Am Busbahnhof wartete bereits der Bus nach Saigon. Für die knapp 300km waren 6 Stunden angesetzt, eine fatale Fehleinschätzung. Der Fahrer hier war etwas fähiger, so dass es nicht lange dauerte bis Nicole eingeschlafen war. Der Weg führte uns über eine Buckelpiste durch die Provinz und für Stunden sahen wir kein Licht noch Gegenverkehr. Links von uns konnte ich einen Fluss wahrnehmen, doch alle Brücken waren mehr oder weniger Pontongebilde die jedes Mal ein Heidenlärm machte wenn wir sie passierten.

In der Morgendämmerung näherten wir uns der Grenze, doch vom passieren war keine Rede. Nein, wir standen da 2 Stunden rum, denn der Betrieb wurde erst um 8 Uhr morgens aufgenommen. Die Prozedere beim Übertritt war unorganisiert und zeitraubend, Nach nochmal 1,5 Stunden ging es weiter auf vietnamesischen Boden. Es dauerte nochmals 3 Stunden bis wir ankamen, somit hatte die sich die Reisedauer von 6 Stunden auf 11 Stunden erhöht, was summa summarum 15 Stunden Busfahrt von Sihanoukville bedeutet. Das war das erste und letzte Mal das wir so etwas getan haben.

In Saigon wussten wir zunächst erst einmal nicht wo wir waren. Das unser Hotel lediglich 300 Meter entfernt war, war uns nicht klar. Ein Taxifahrer bot uns seine Dienste an und wir nahmen an. Da wir keine Dong hatten, bestand er bei einem befreundeten Juwelier zunächst Geld zu tauschen. Somit wurden wir einmal beim Taxientgelt um ca. 6 Dollar beschissen und beim Tausch nochmals um 12 Dollar. Tja, aus Erfahrung lernt man eben.

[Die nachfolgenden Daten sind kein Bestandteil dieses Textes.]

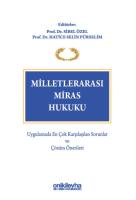 Milletlerarası Miras Hukuku - Uygulamada En Çok Karşılaşılan Sorunlar ve Çözüm Önerileri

Da waren wie nun in Ho Chi Minh City oder einfach Saigon. Man hat ja zwangsläufig durch die Historie schon viel davon gehört, doch real ist es wie immer ein wenig anders. Unser Hotel war das Tan Hai Long genau in der Mitte des District #1. Ideal gelegen um alles per pedes zu erreichen. Wir hatten nun 2 Tag Zeit bevor unsere Familien eintrafen. Genutzt haben wir diese zunächst, um uns von der Busfahrt zu erholen und die wichtigsten Touristendestinationen abzuklappern.
Da wären das War Museum (lustige Einrichtung mit einem Haufen unreflektierter Sch***se), der örtliche Fake Markt, die Oper und die Flusspromenade. Alles in allem eine tolle Stadt, die zwar hektisch ist, aber dennoch durch das freundliche Wesen der Vietnamesen etwas Schönes ausstrahlt. Uns hat Saigon sehr gefallen!

Am 2. Januar kamen dann unsere Familien nach und nach aus Bangkok, Singapur und Shanghai eingetrudelt. Jeden erst einmal mit einer Pho abgespeist, hatten wir unser erstes schönes Abendessen in der Stadt. Überflüssig zu erwähnen, dass wir alle im selben Hotel untergebracht waren. Für Nicole’s Eltern war dies der erste Auslandsaufenthalt in ihrem Leben und für alles die erste Vietnamreise überhaupt. Doch schon einen Tag später am 3. Sollte uns ein eigens gemieteter Bus zu unserem finalen Reiseziel bringen.